教室へ向けて歩き出しつつ、背中をパン、と叩かれた。気合を入れてもらった気がした。














HR中も机に突っ伏したまま、気付いたら放課後になっていた。

こんなはずじゃなかったのに。徹の誕生日、ちゃんとお祝いして…おそらく昔した約束を忘れているだろうおばかさんに向けたプレゼントを渡すはずだった。




「部活、行かなきゃ…」


朝練もなにも言わずにサボって悪いことしたな、と思いつつ、気分は落ち込んだままで中々体が動かない。
はじめが声をかけてくれたけど、先に行っててとしか言えなかった。







「…なまえ」


びくっと体が震えた。顔をあげなくてもわかる、大好きな彼の声。



「話、したいんだけど」
「…」


真横の椅子を引く音とそこに座る気配。いつの間にか、教室は誰の声もしなくなっていた。
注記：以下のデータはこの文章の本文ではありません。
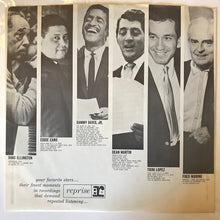 Load image into Gallery viewer, Frank Sinatra : Softly, As I Leave You (LP, Album)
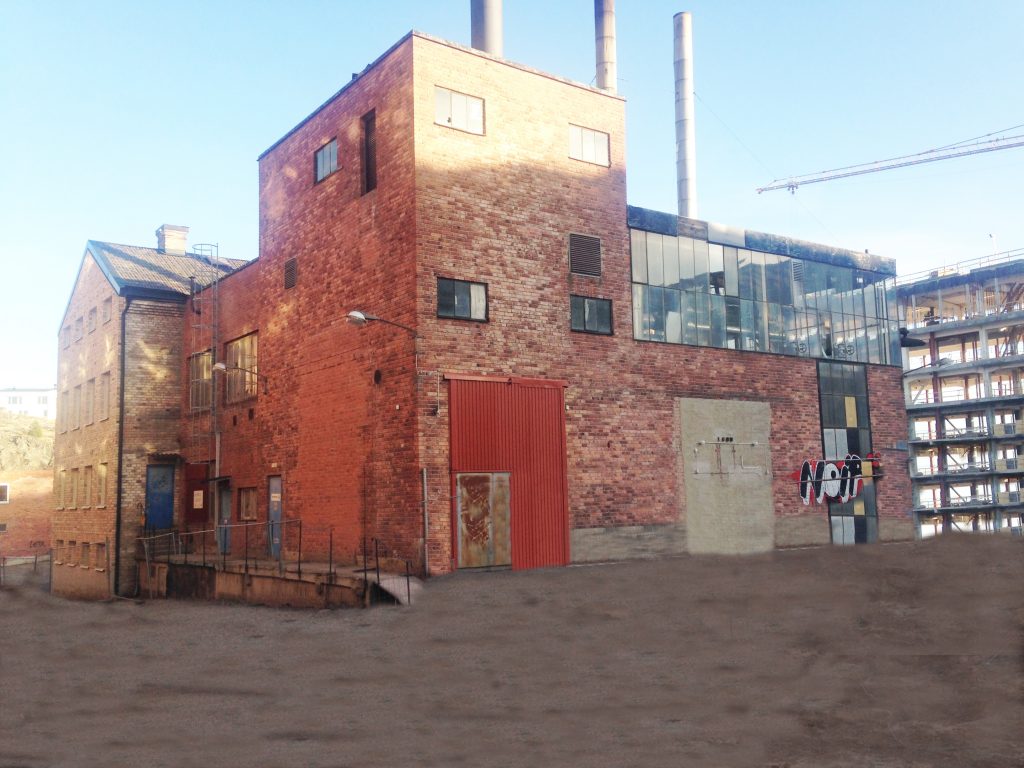 Värmdö Företagarförening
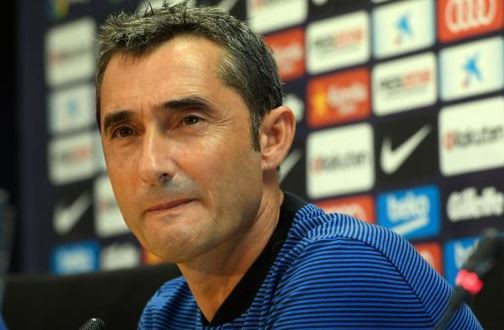 Valverde 4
「付き合うとき、絶対泣かさないって言ったのに…ごめん」

いつもより落ち着いた声で話し出す彼。




「優しいなまえに甘えて、ちょっと我儘になってたのかもしれない」
「そんなことない、」



いつも優しい徹。いつも私の気持ちをすごく大事にしてくれる彼の気持ちを、今日わかってあげられなかったのは私の方だ。
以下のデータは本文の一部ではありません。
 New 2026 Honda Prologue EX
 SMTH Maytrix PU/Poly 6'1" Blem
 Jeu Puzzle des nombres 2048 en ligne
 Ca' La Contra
思わず顔をあげて徹の顔を見ると、泣きそうに笑っていて。こっちまで泣きそうになる。




「「ごめん」」



同時に出た言葉に、空気が緩んだ気がした。






「…せっかくの誕生日なのに、嫌な気持ちにさせてごめんね。これ、プレゼント」


滲む涙を拭って、鞄からそれを取り出した。ありがとう、開けてもいい?と言ってリボンが解かれる。




「これ…」


リング状のトップがついたシンプルなネックレス。込めた意味を説明しようとすると、徹が先に言葉を発した。
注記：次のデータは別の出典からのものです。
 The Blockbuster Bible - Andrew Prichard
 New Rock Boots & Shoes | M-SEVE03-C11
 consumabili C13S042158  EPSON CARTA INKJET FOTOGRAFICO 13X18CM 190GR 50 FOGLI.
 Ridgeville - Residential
「…忘れるわけないよ。18歳になったら、もう一回約束するって言ったよね」
「徹も覚えてたの?」
「忘れるわけない。だからちゃんと言うね。…今更なまえがいない毎日なんて想像できないからさ、これからも隣に居てください。」










それは徹の8歳の誕生日。

(男の子は18歳になったら結婚できるんだって!)
(まどまだ先だね)
(そのときにプロポーズしてあげるね!)

なんて、子供の無邪気な約束だった。


それを、まさか覚えてるなんて。





「今すぐに、は無理だけど、もう一回約束するよ。俺がもう少し大人になったら…プロポーズ、するね」



ネックレスを指先で掲げて、照れくさそうに笑う彼。



「…徹の誕生日なのに、私ばっか嬉しいなんて」
「頷いてくれたら、十分嬉しいんだけど」


机の上で片手を包まれる。


返事の代わりに、もうつけていたお揃いのネックレスをシャツから出して掲げてみせた。









次の約束は左手の薬指

(誕生日おめでとう、徹)
(ありがとう、大好き)




及川さんHAPPY BIRTHDAY!!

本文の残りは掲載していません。